Which of your company's contributions to the PostgreSQL Project (code/community conference/sponsorship) are you most proud of?

One of the key components of pganalyze that we've contributed to the wider PostgreSQL project is the pg_query query parsing library, which is fully open-source. pg_query lets you parse a query with the Postgres parser outside of the server source code, for example in client applications. It has been used widely in tools that support Postgres, such as for monitoring, schema migration, and more. We have recently added support for deparsing and pretty-printing the emitted SQL to pg_query as well.

We're also contributing code directly to upstream Postgres, such as the Plan ID improvements in Postgres 18, and proposed improvements to reduce the overhead of EXPLAIN (BUFFERS) and different ways of lowering overhead of capturing timing information.

Another way we contribute to the community is by documenting how Postgres works, such as through our recent blog post on Asynchronous I/O, our new "Postgres in Production" video series (hosted by Ryan Booz), or our previous video series "5mins of Postgres".

Which PostgreSQL extension do you benefit from most, and why?

We are big fans of the pg_stat_statements extension, which we use at pganalyze to capture query activity over time, and identify when a new query goes off the rails.

We also rely on auto_explain to capture plan outliers, and retrieve them from the logs. We combine auto_explain plans with the query statistics using a query fingerprint (similar to the "queryid" in Postgres), and process them in the background to find anti-patterns / bad query plans.

Will anyone from your team be presenting at PostgreSQL Conference Europe? What is the talk about and why does this topic matter?

Lukas Fittl from the pganalyze team will present "Tracking plan shapes over time with Plan IDs and the new pg_stat_plans" on Friday morning. In the talk we will discuss our new pg_stat_plans extension, which is similar in spirit to the pg_stat_plans from many years ago (created by 2ndquadrant in 2012), but re-invented on new infrastructure.

In the talk Lukas will discuss why tracking plan statistics is important, how we've designed a mechanism that is low-overhead compared to alternate extensions, and Postgres 18 improvements that enable the new extension, specifically Plan ID support, as well as pluggable cumulative statistics.

Which feature is missing in PostgreSQL?

In our corner of the ecosystem (monitoring/tuning), what comes up often are shortcomings of the Postgres planner. Specifically, the ways to influence query plans are quite limited in certain cases (e.g. join mis-estimates), and the only way to influence plans are either frowned upon (pg_hint_plan), or limited to certain cloud platforms (AWS Aurora's Query Plan Management).

There are some efforts underway to improve this, e.g. "plan shape" work by Robert Haas & similar threads on -hackers, which will hopefully enable a new era of extensions and tools that can help fix bad query plans.

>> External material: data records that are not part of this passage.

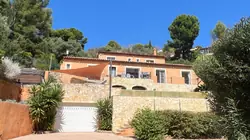 Vente maison de caractère Ollioules  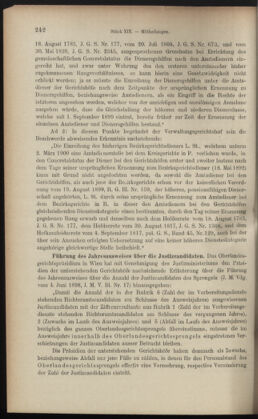 Verordnungsblatt des K.K. Justizministeriums 19011014 Seite: 6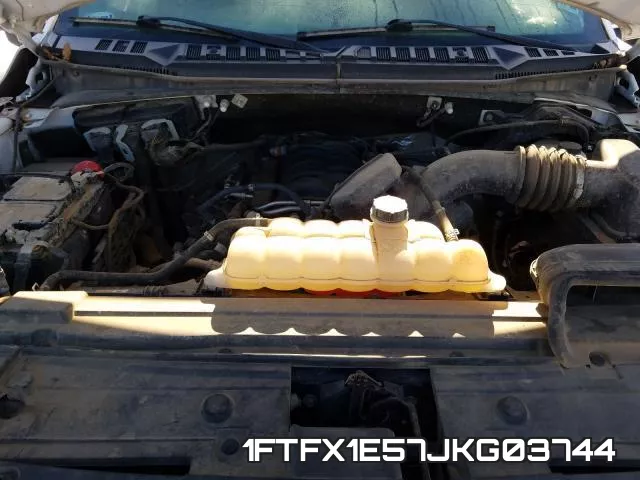 1FTFX1E57JKG03744 фото 8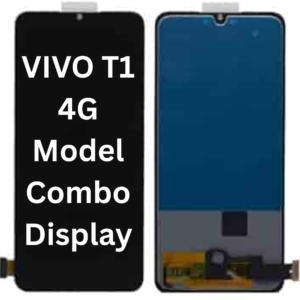 VIVO T1 4G Model Combo Display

Ideally this eventually leads to Postgres being smarter about bad plans, and either stopping a bad execution whilst its occurring (e.g. turning a Nested Loop Join into different join type if assumptions don't hold true), or informing future executions of learnings from past mis-estimates.

What can PostgreSQL Conference Europe attendees look forward to at your booth Any activities, swag, prices or quizzes?

Visit the pganalyze booth to get one of our new pganalyze t-shirts (featuring an illustration created by an actual human, not AI), a pganalyze astronaut sticker, or learn more about our Postgres performance workshops. We're also happy to talk about Postgres 18, and will have engineers from our team happy to answer questions about pganalyze, the new pg_stat_plans extension, or other topics.

Why does your company attend PostgreSQL Conference Europe?

We're excited to participate in the world's largest Postgres community conference, to contribute to the conversation around how we all can make Postgres better, and to share with those interested what pganalyze can do to make your Postgres database more performant. We're also looking forward to talk about Postgres 18 and what it brings to the table. See you in Riga!